Luisa María de Guadalupe Calderón Hinojosa (born October 23, 1956 in Mexico City) is a Mexican politician affiliated with the National Action Party who served in the Senate of Mexico from 2000 until September 2006. She is currently senator-elect as a PAN proportional representative. Her term in the senate began in late 2012 and will continue through 2018. "Cocoa" (her nickname) is known as a champion for women and minority rights throughout Mexico.

Personal life
Luisa María belongs to a family of prominent Mexican politicians.
She is the sister of former President Felipe Calderón Hinojosa and Juan Luis Calderón Hinojosa.

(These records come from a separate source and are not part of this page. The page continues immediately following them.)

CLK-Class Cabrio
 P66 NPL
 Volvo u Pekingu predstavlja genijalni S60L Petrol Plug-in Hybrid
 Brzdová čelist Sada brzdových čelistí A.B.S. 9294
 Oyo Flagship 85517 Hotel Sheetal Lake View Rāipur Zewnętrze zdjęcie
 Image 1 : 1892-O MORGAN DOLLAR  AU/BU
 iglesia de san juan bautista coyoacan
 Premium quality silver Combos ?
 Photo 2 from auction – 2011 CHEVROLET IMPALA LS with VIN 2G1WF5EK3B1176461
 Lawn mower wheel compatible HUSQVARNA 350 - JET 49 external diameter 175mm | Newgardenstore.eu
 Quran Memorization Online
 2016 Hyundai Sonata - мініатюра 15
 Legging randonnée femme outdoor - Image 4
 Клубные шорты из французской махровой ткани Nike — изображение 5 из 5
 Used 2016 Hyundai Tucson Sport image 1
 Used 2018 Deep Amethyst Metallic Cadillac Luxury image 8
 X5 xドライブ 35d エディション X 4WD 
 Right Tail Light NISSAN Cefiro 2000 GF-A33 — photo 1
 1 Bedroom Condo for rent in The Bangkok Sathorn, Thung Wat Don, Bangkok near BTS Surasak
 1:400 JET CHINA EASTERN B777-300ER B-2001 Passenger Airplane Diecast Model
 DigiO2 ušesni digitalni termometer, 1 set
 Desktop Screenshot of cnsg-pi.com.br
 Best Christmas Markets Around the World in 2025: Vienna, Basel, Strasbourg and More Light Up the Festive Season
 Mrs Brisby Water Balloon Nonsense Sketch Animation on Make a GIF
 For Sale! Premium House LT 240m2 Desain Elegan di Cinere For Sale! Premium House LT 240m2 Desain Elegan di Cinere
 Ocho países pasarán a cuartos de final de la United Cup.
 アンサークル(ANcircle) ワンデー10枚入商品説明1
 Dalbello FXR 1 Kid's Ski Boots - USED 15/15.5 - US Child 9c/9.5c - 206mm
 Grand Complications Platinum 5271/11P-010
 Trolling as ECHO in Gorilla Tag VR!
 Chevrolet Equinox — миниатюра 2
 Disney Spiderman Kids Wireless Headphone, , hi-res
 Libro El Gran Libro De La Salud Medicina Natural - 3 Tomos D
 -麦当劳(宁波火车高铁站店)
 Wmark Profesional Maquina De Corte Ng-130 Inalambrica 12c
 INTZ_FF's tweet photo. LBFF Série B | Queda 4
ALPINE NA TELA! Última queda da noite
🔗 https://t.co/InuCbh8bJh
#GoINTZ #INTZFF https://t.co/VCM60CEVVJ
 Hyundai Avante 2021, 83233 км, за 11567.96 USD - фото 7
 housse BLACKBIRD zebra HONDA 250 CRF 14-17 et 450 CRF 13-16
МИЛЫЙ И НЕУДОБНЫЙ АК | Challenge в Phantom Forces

She studied psychology at the Instituto Tecnológico de Estudios Superiores de Occidente (ITESO) in Tlaquepaque, Jalisco, and has pursued graduate studies at the Universidad Iberoamericana.

Luisa María is a single mother.

Political career
Calderón joined the National Action Party in 1976. She served as a local deputy in the Congress of Michoacán from 1983 to 1986 and served in the federal Chamber of Deputies during the LIV Legislature.  In 2000 she was elected  via  proportional representation to serve as a Senator during the LVIII Legislature and the LIX Legislature.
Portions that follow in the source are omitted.